Bondi Files Emergency Order Banning 22 Synthetic Drugs
December 12, 2012 | WMFE - Florida Attorney General Pam Bondi filed an emergency rule Tuesday outlawing twenty-two new synthetic drugs, those that mimic the effects of cocaine, marketed as "bath salts," as well as others that users know as synthetic pot but sold in smoke shops and convenience stores as herbal incense commonly called "K-2" or "Spice."
Synthetic drugs can cause psychotic episodes, seizures, and paranoia and, Attorney General Pam Bondi says, the substances have been linked to thousands of emergency room visits nationwide.
“If you look at this, it says ‘not for human consumption.’ and, I’ve seen many of the products we’ve seized that we know are illegal and you look at the back of them.” Bondi said. “They know to place a rubber stamp on them that says this is not illegal and the sad thing is our children are buying it.”
Bondi says the substances are usually marketed as an alternative to drugs, like ecstasy, marijuana, and cocaine and, she says, she’s continually disgusted by how they market the products toward children.

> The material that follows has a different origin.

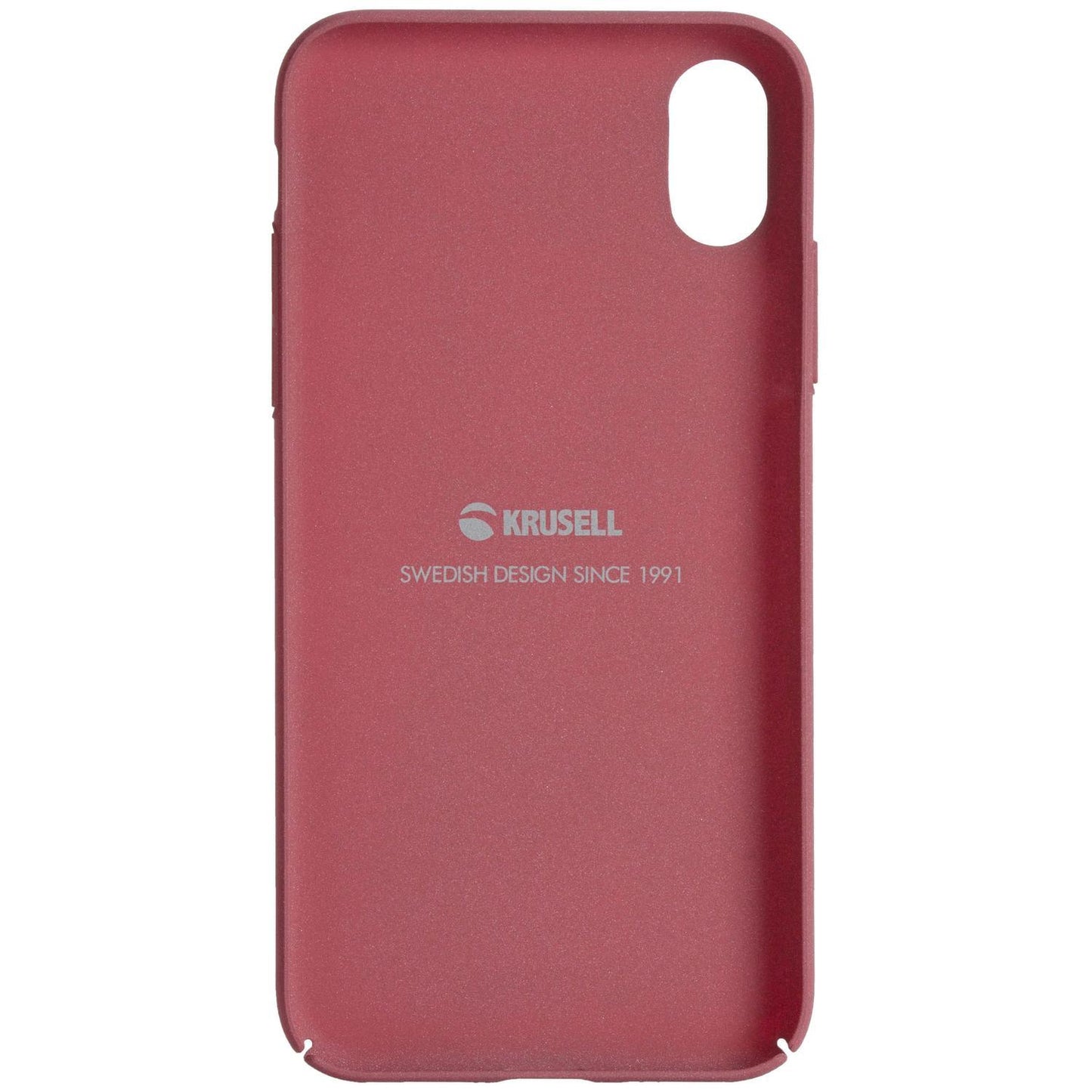Sandby Cover for iPhone XS Max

“These are Scooby Snacks.” Bondi said. “You think this is directed at an adult? This is directed at a young child! Look at this one. It’s cotton candy, and if you touch and feel it, it feels like cotton candy. These are marketed to children,…Batman, the Joker. These are disgusting.”
Bondi’s office has been working with the Florida Department of Law Enforcement as well as the Florida Department of Health across the state to crack down on synthetic drug use.
FDLE Commissioner Gerald Bailey says law enforcement is making headway on the effort, but at times, it can be hard.
“The main difference between these drugs and illegal drugs we regularly deal with are these are readily available on the open market, like truck stops, smoke shops, convenient stories, and now over the internet.” Bailey says.
He says since Bondi’s announcement Tuesday morning, law enforcement officers across the state have been visiting the retailers and asking them to willingly surrender their product.
The emergency order makes it a third-degree felony to sell or manufacture such drug and Bondi made it clear the authorities will be watching shopkeepers who ignore the order.
“If you're selling this stuff and you know it's illegal, you take it off your shelves when you see police officers and you put it back on, we're coming after you.” Bondi said. “We will do everything in our power to put you out of business because you're no better than a common, street-level drug dealer."
Bondi has worked with the Florida Legislature to outlaw similar substances before but manufacturers keep producing the drugs with new chemicals.
She says she plans to continue working with the 2013 state Legislature to ban the 22 drugs permanently.